> _DATA_:

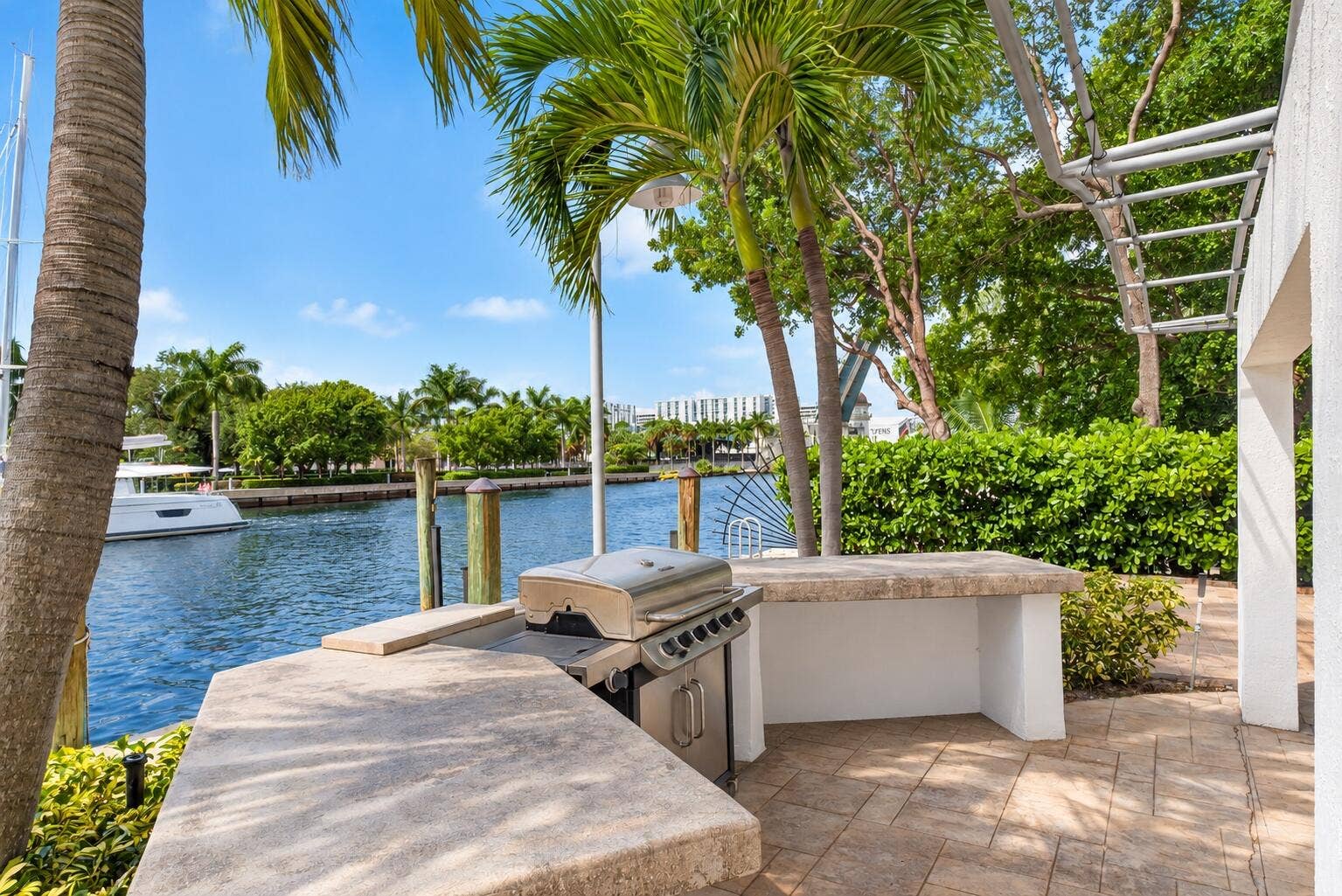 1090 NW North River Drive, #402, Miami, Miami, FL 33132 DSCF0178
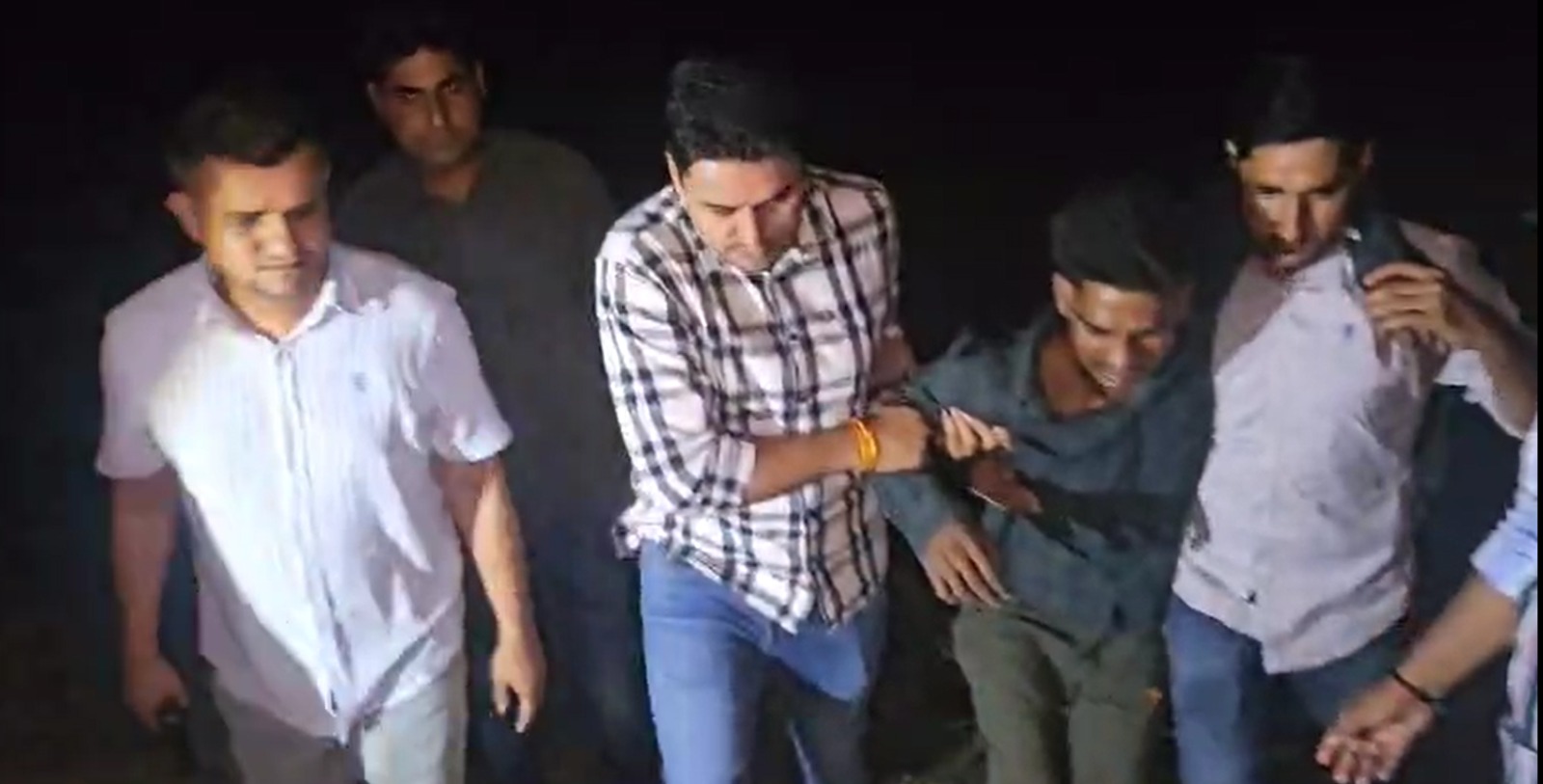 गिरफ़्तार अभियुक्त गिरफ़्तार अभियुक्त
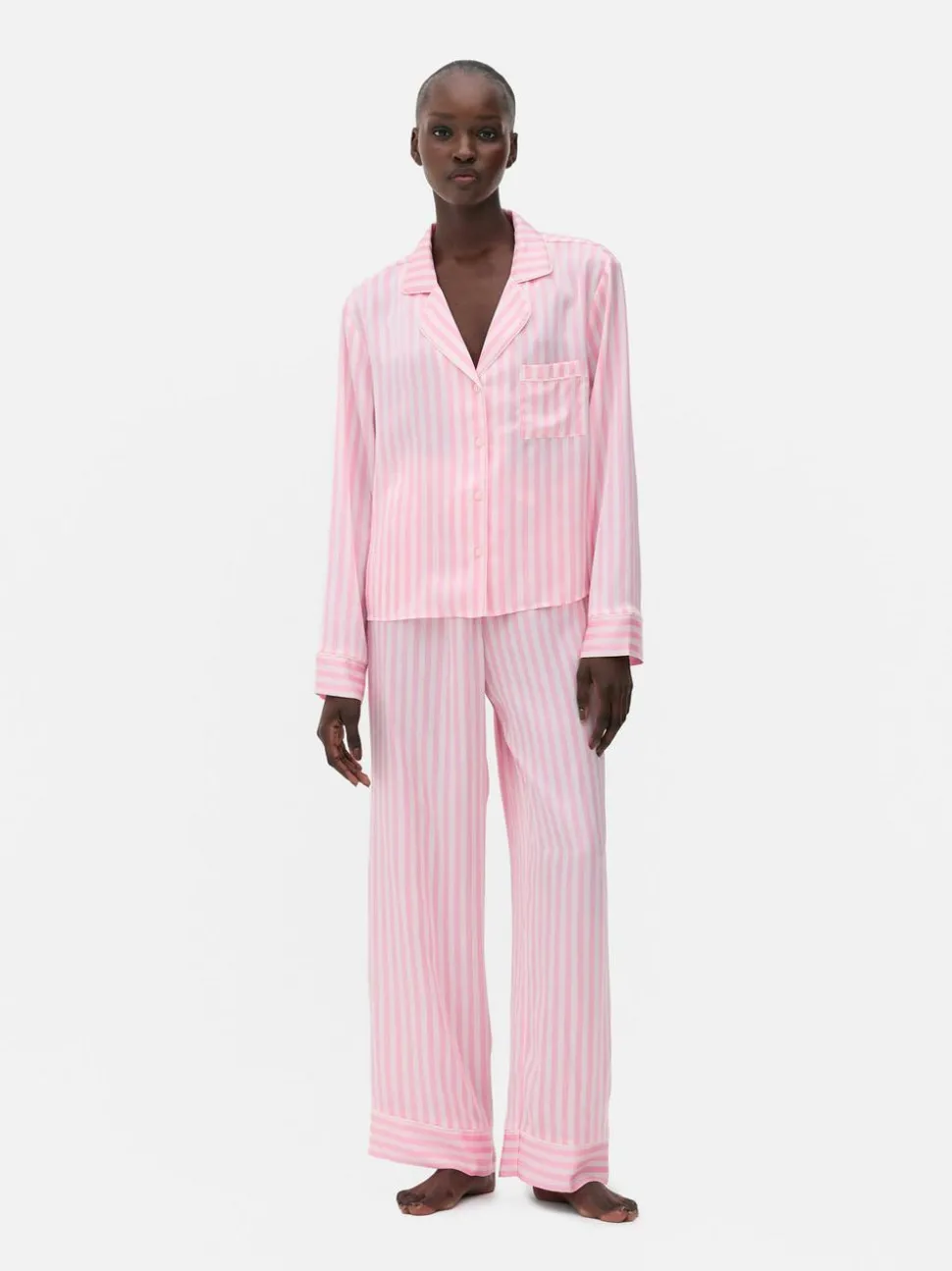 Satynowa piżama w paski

> _EXERCISE DETAILS_: All of the listing should be transcribed exactly, but none of its images.

> _COMPLETED TASK_:
 1090 NW North River Drive, #402, Miami, Miami, FL 33132 DSCF0178
 गिरफ़्तार अभियुक्त गिरफ़्तार अभियुक्त
 Satynowa piżama w paski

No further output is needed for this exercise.